Frequently our evening talks ended with the peasants saying: "That's
our fate - so it's been written", or, "We're born - we'll
die."
In fact,
we were rarely able to talk at all: after the day's work, our limbs
shrieked with weariness, our exhausted bodies demanded rest and peace.
(4)
Leon Trotsky wrote about life on a Russian
farm in his book, My Life: An Attempt at an Autobiography.
My father
and mother lived out their hard-working lives with some friction,
but very happily on the whole. Of the eight children born of this
marriage, four survived. I was the fifth in order of birth. Four died
in infancy, of diphtheria and of scarlet fever, deaths almost as unnoticed
as was the life of those who survived. The land, the cattle, the poultry,
the mill, took all my parents' time; there was none left for us.
We lived
in a little mud house. The straw roof harboured countless sparrows'
nests under the eaves. The walls on the outside were seamed with deep
cracks which were a breeding place for adders. The low ceilings leaked
during a heavy rain, especially in the hall, and pots and basins would
be placed on the dirt floor to catch the water. The rooms were small,
the windows dim; the floors in the two rooms and the nursery were
of clay and bred fleas.
On the
hill above the pond stood the mill - a wooden shed which sheltered
a ten-horse-power steam-engine and two millstones. Here, during the
first years of my childhood, my mother spent the greater part of her
working hours. The mill worked not only for our own estate but for
the whole neighbourhood as well. The peasants brought their grain
in from ten and fifteen miles around and paid a tenth measure for
the grinding.
(5)
In the summer of 1917 Ernest Poole visited
the rural areas of Russia. This included an interview with a farmer
who was a member of a village cooperative.
Our cooperative
store has still quite a stock of goods, and the steadier peasants
all belong. We have eighteen hundred members now. Each paid five roubles
to buy a share. There were six thousand purchasers last year; and
because we charge higher prices to outsiders than to members, so many
more peasants wish to join that we are almost ready to announce a
second issue of stock.
Of course,
our progress has been blocked by the war and the revolution. Goods
have gone up to ruinous rates. Already we are nearly out of horseshoes,
axes, harrows, ploughs. Last spring we had not ploughs enough to do
the needed ploughing, and that is why our crop is short. There is
not enough rye in the district to take us through the winter, let
alone to feed the towns. And so the town people will starve for awhile
- and sooner or later, I suppose, they will finish with their wrangling,
start their mills and factories, and turn out the ploughs and tools
we need.
(6)
Russian peasant interviewed by Ernest Poole
for his book, The Village: Russian Impressions (1918)
Just take
a trip to Petrograd. Go to any railroad siding there and you will
see perfect hills of scrap iron. Why can't they melt it up again and
out it to use? Soon we shall have no axles left, no tyres for our
wagon wheels, no chains for the logs, no ploughs for the fields, no
horseshoes for our horses! But still they do nothing! The blind fools!

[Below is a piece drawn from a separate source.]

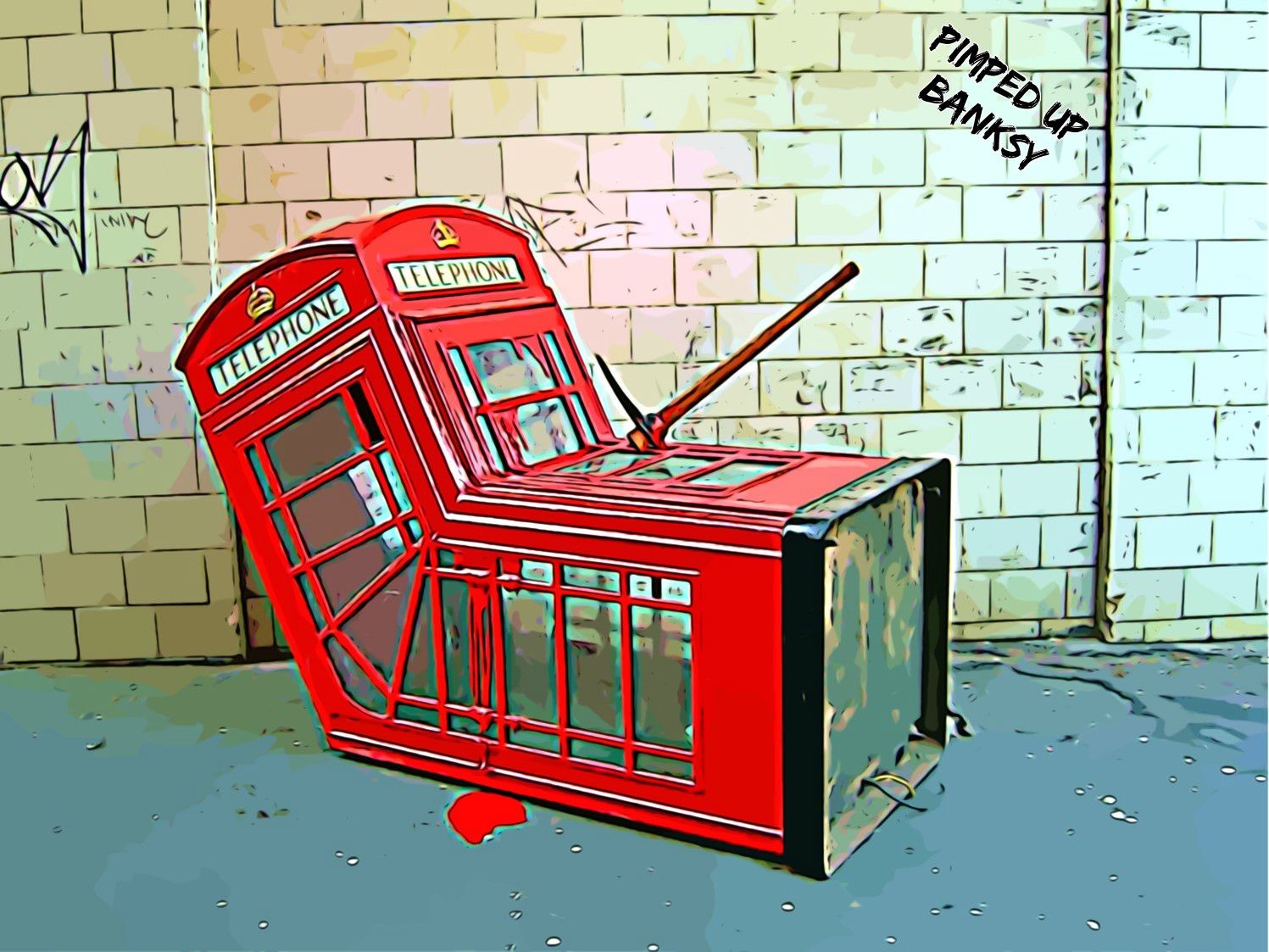 Digital Art Banksy Graffiti London Phone Box Humor 1497x1123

The trouble with those people is that they think all the best things
are made in the cities. It is not so. Here we grow the flax and grain;
here we raise the meat they eat, and the wool to keep them warm; we
cut trees to build their houses and firewood to heat their stoves.
Thy could not even cook without us! Other country districts turn out
the coal and the iron ore. All the real things in Russia are done
in the villages. What kind of crops do they raise in the towns? Only
Grand Dukes, Bolsheviks and drunkards!